Does this mean that you shouldn’t trade for minor leaguers under any circumstances?
Of course not. Whether they’re hitters or pitchers, minor leaguers should be important components of your rebuilding efforts. But they are exactly that: components, not centerpieces. If you acquired Votto or McCutchen in a dump deal a few years back, you might be tempted to ignore this advice. But luck was more of a factor than skill. Most farm experts had LaRoche and Schafer ahead of Votto and McCutchen, and with good reason.

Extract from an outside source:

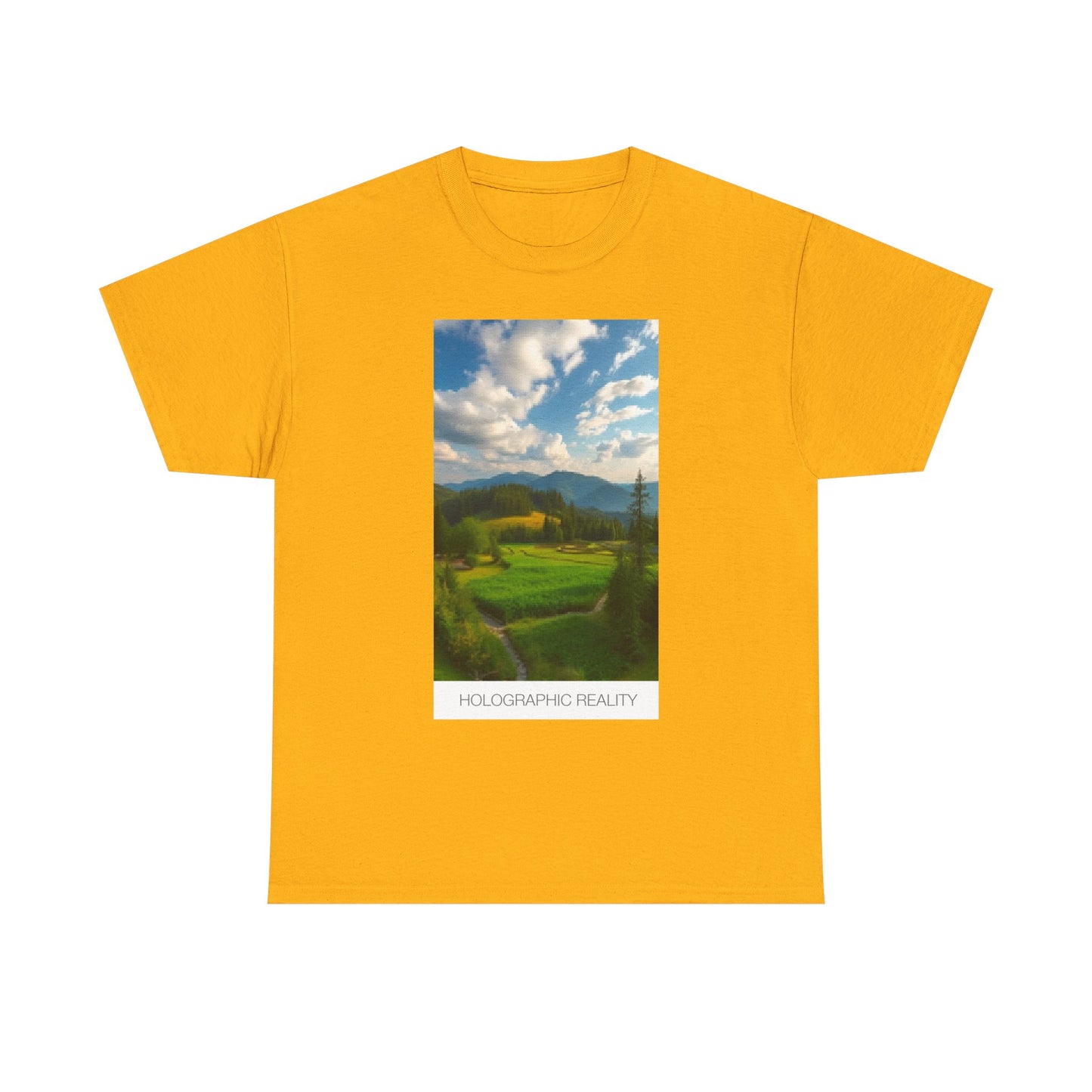 Holographic Reality Tee - Unisex Heavy Cotton Shirt for Nature Lovers, Perfect for Casual Outings, Gifts, Summer Vibes, Eco-Conscious [...]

This is an important point as well. Kevin Goldstein and Jason Parks can run circles around me and nearly every other fantasy expert when it comes to knowledge of minor leaguers. This applies to non-Baseball Prospectus experts as well. John Sickels of SB Nation and Jim Callis of Baseball America have forgotten more about prospects than I’ll know in a lifetime. Forecasting minor-league performance is and will probably always be an inexact science. Trading for minor leaguers is useful, but there is far more risk and variability when you trade for a player with zero big league experience. This risk must be built into your price tag for minor leaguers during your rebuilding process.